I assume what would happen is that a Democratic administration would fund construction, and then a subsequent Republican administration would privatize the system so corporations could f*ck everything up.
The train should have energy efficiency advantages also. Train could potentially pre-board cars and pick up and drop off whole cars in minutes so the whole train isn’t delayed substantially by boarding at each station.
Is that really necessary, though? The bullet trains in Japan stop at each station for about 60 seconds. Unlike a plane, there’s no need to have people seated and belted while the train is moving.

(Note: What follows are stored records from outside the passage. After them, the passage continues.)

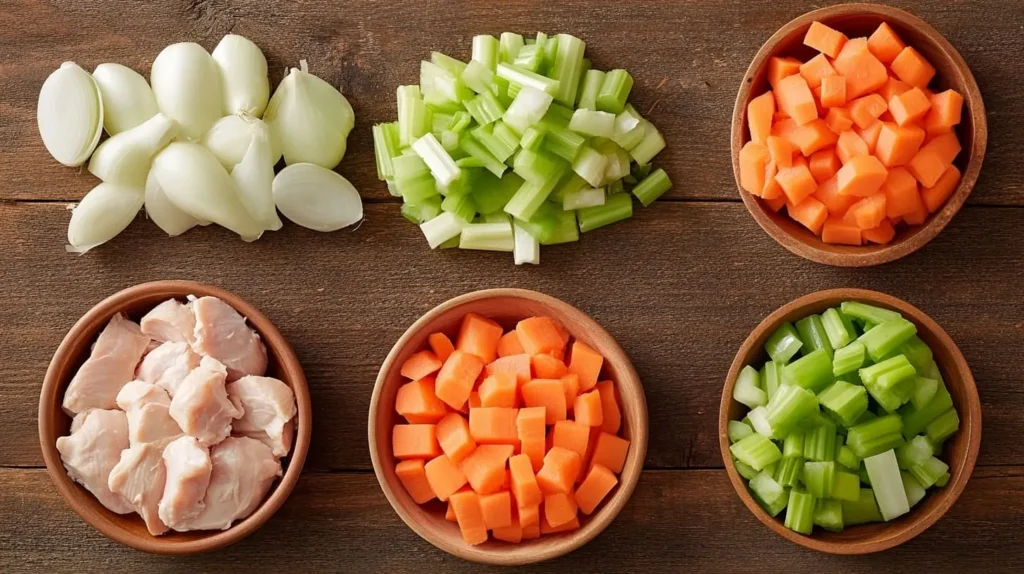 Ingredients for marry me chicken soup arranged on a wooden countertop, including chicken, carrots, and celery.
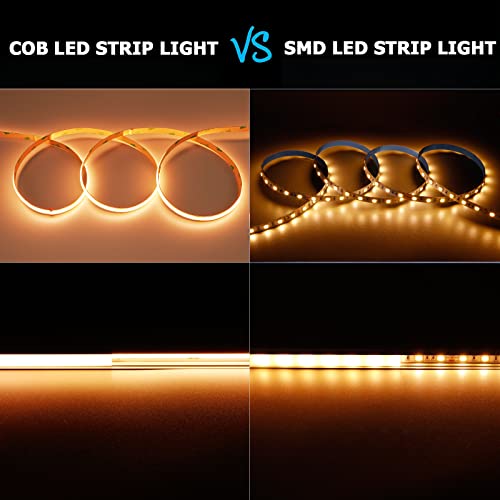 DC 5V USB COB LED Strip Light Warm White 3000K Dimmable IP65 Waterproof CRI 93+ USB Powered 6.6ft/2M 640LEDs High Brightness Flexible LED Tape Lights - color: Warm White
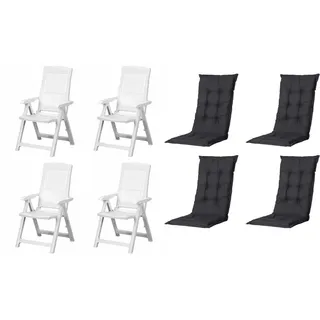 PROGARDEN Tampa Klappsessel 60 x 61 x 109 cm weiß 4 St. inkl. 4 x Auflagen schwarz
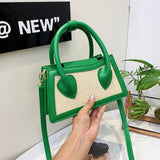 Small Straw Hourglass Handbag Top-Handle Tote Women Shoulder Messenger Bag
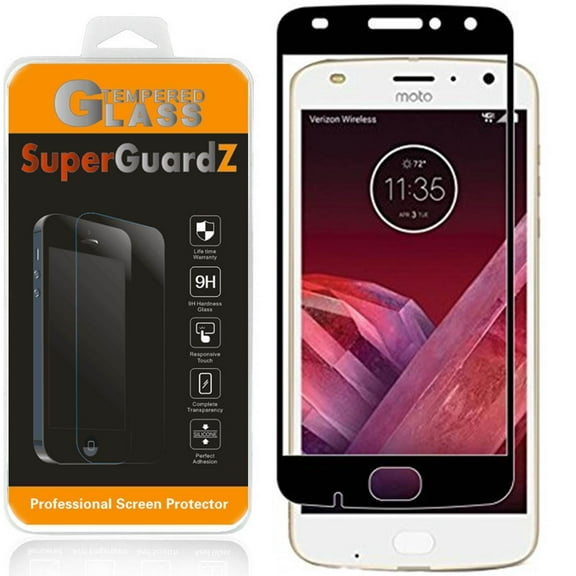 For Motorola Moto Z2 Play / Z Play (2nd Gen) - SuperGuardZ Full Cover Tempered Glass Screen Protector, Edge-To-Edge, 9H, Anti-Scratch, Anti-Bubble, Anti-Fingerprint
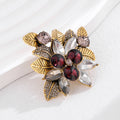Flower Crystal Metal Brooch Pin 5.7 x 5.2 cm for Jackets and Lapels view 5
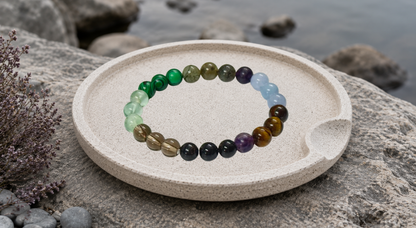 Psychic Defence Bracelet (Flourite+Malachite+Labradorite)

That's fair. They'd announce arrival with time to allow folks to queue up for the doors. I've never ridden a bullet train, but I assume the (acc/dec)eleration is designed to be fairly smooth and gentle.
A big advantage over planes is that there’s two doors per car, so at most intermediate stops each one has only 5-10 people waiting to get on/off.
At the major stops, they do wait longer, but even then just for a couple of minutes.
Oh, that's really interesting! Feels like it's extensible out to things like 'cars with wheel problems' or 'malfunctioning engines', &c.. Racing pit-style replacements when called for.
There could be more lines, for sure, but better than what we've got. Like right now my best option for getting to kew gardens from crown heights is the lirr
ngl part of me died as an adolescent watching the city just erase any semblance of its presence in the downtown area. i dont remember a lot of my childhood, but i remember being incredibly saddened by that.
I remember sprinting after a N'awlans street car when I was visiting my brother and had gotten super sick with some kind of flu or strep throat or something back in the late 1990's. It was the last one headed back to his little shotgun house for the night and it would have been a long walk w/o it.
You can leave Phoenix, Tucson, and Las Vegas off the network: they'll be uninhabitable long before the railway network could recover the cost of building stations there. (Same probably goes for Florida, too.)
Northbound: Evacuees
Southbound: MAGA crowd moving to their new Trump Shorefront Estate properties. (Not knowing the "estates" are on the wet side of the shorefront.)
Imagining that Florida loop, I picture the intercity train in World of Warcraft where you go underwater and check out the cool sea monsters through the steampunk Chunnel.
I would travel so much more, to way more places, and spend so many tourist dollars. It would be so effective. And for business trips?! I could work so much more comfortably on a train.
If they can’t care for like, environmental or human happiness reasons, capitalism should want this for itself.
Airlines and oil companies are certain to lose future revenue with high speed rail. There are towns that would likely disappear without tourists driving through.
The gains exceed those losses, but the gains are distributed wider and no specific sector is guaranteed gains, so the status quo wins.
A dedicated HS west coast line would be amazing. People visiting Portland frequently don’t need a godamn car once they’re there, and a 7 hour train down to SF is honestly preferable to flying a decent chunk of the time, etc
I'm coming in August, on the Empire Builder, actually! So far, we've been able to schedule everything we want to do on either bus or tram, incl Cannon Beach and Multnomah Falls. Seems like a great city to get around in.